Right from the start, I have maintained that the SIP hastily packaged and allocated N500 billion in the first year would turn out to be the biggest fraud ever perpetrated by any government in Nigeria. Instead of a glorious legacy like Awolowo’s free education programme Buhari now runs the risk of leaving behind the biggest scandal in our history.

The swindle started early when the programme was tucked under Vice President Osinbajo. The Senior Special Adviser in charge was Laolu Akande, who developed the template for making bogus and unverified claims on behalf of the programme on the pages of newspapers. On at least three occasions, on these pages, Akande and his principal were challenged to provide proof of their claims to no avail. By contrast, I had my own reasons to doubt those claims.

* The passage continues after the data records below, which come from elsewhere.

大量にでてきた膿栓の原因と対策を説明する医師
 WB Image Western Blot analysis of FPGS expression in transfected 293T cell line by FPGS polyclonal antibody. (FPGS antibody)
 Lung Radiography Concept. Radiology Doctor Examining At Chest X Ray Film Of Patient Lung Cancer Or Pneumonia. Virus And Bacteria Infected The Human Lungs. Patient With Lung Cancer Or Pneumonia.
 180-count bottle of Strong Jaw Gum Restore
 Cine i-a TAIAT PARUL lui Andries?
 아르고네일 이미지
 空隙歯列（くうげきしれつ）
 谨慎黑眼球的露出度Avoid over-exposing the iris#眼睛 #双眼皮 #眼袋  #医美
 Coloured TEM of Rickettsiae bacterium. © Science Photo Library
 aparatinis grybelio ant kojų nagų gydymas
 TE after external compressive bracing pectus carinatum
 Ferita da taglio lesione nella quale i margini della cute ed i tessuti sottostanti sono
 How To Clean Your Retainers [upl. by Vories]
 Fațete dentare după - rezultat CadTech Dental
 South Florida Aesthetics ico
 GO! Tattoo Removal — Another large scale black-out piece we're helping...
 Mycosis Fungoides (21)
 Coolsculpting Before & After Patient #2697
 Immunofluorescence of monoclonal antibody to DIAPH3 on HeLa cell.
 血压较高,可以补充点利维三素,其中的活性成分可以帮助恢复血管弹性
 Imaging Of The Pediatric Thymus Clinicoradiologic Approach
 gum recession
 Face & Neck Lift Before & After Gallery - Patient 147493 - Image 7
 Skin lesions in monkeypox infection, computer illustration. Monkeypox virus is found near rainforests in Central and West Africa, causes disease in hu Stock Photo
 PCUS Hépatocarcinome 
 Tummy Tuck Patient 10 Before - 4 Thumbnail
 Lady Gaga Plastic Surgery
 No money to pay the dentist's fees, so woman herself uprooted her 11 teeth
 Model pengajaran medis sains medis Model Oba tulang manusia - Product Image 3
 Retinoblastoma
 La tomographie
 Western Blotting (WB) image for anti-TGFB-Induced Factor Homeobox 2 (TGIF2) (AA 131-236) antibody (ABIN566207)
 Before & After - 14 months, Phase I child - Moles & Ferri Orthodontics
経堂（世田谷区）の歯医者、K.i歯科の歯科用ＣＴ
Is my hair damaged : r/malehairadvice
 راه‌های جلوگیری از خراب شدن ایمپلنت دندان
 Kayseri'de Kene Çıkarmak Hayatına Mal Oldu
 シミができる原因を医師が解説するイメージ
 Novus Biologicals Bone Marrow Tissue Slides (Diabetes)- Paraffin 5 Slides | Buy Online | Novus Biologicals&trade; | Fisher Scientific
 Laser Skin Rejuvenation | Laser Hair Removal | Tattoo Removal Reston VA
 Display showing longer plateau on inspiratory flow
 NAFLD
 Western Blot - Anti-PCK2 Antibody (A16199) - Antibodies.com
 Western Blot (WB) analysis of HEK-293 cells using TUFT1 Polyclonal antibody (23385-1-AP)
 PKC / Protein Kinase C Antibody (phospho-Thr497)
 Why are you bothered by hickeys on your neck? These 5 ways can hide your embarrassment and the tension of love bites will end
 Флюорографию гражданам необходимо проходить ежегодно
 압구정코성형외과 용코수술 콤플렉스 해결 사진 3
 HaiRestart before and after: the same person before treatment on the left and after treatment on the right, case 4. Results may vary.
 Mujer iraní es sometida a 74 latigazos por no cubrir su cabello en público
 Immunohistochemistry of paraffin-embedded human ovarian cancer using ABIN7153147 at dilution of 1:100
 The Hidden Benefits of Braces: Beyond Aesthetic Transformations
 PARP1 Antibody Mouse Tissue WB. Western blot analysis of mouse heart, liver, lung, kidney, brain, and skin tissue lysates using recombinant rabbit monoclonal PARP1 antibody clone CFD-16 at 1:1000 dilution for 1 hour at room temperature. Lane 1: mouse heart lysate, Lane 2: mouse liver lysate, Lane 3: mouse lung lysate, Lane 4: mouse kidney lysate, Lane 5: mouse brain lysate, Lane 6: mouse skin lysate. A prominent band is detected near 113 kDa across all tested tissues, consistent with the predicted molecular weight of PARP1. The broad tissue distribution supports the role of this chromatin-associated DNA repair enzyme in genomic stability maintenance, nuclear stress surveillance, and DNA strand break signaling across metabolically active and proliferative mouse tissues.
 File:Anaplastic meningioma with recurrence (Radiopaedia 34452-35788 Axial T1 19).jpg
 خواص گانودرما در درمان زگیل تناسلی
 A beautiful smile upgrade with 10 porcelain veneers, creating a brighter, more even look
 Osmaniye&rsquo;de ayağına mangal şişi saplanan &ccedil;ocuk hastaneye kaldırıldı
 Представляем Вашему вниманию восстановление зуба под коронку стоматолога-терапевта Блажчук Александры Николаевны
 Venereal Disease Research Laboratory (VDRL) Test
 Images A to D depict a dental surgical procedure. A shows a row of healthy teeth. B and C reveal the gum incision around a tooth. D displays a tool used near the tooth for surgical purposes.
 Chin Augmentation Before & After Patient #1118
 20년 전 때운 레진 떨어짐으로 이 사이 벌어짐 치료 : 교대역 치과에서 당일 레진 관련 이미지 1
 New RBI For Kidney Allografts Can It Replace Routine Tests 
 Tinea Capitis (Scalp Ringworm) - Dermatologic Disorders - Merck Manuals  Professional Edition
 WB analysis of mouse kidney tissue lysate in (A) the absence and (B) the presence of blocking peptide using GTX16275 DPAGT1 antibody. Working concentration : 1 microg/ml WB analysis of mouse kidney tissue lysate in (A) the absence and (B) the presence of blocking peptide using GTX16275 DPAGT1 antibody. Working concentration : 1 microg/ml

In 2017 and 2018, I alternated my trips to different parts of Nigeria between air and road travel. Going by road, with my vehicle, allowed me to stop at some state primary schools to verify if indeed food was served 20 days a month to the pupils. On one trip which took me from Lagos through Ogun, Oyo, Kwara and Niger States to Abuja, going out; then FCT, Niger, Kogi, Edo, Ondo, Osun and Oyo, coming back I could only find nine schools receiving daily school feeding. Those were in Osun – which had already established the programme under Ogbeni Aregbesola – and Ondo States. Trips to the South East and South South provided no evidence of service. That is understandable given the figures presented by Akande in 2018.

I feel sorry for Buhari – whose reputation is being rubbished by his appointees. I feel worse for Nigeria. Over a trillion naira has gone down the drain in pursuit of a mirage by a President who is more emotional than rational.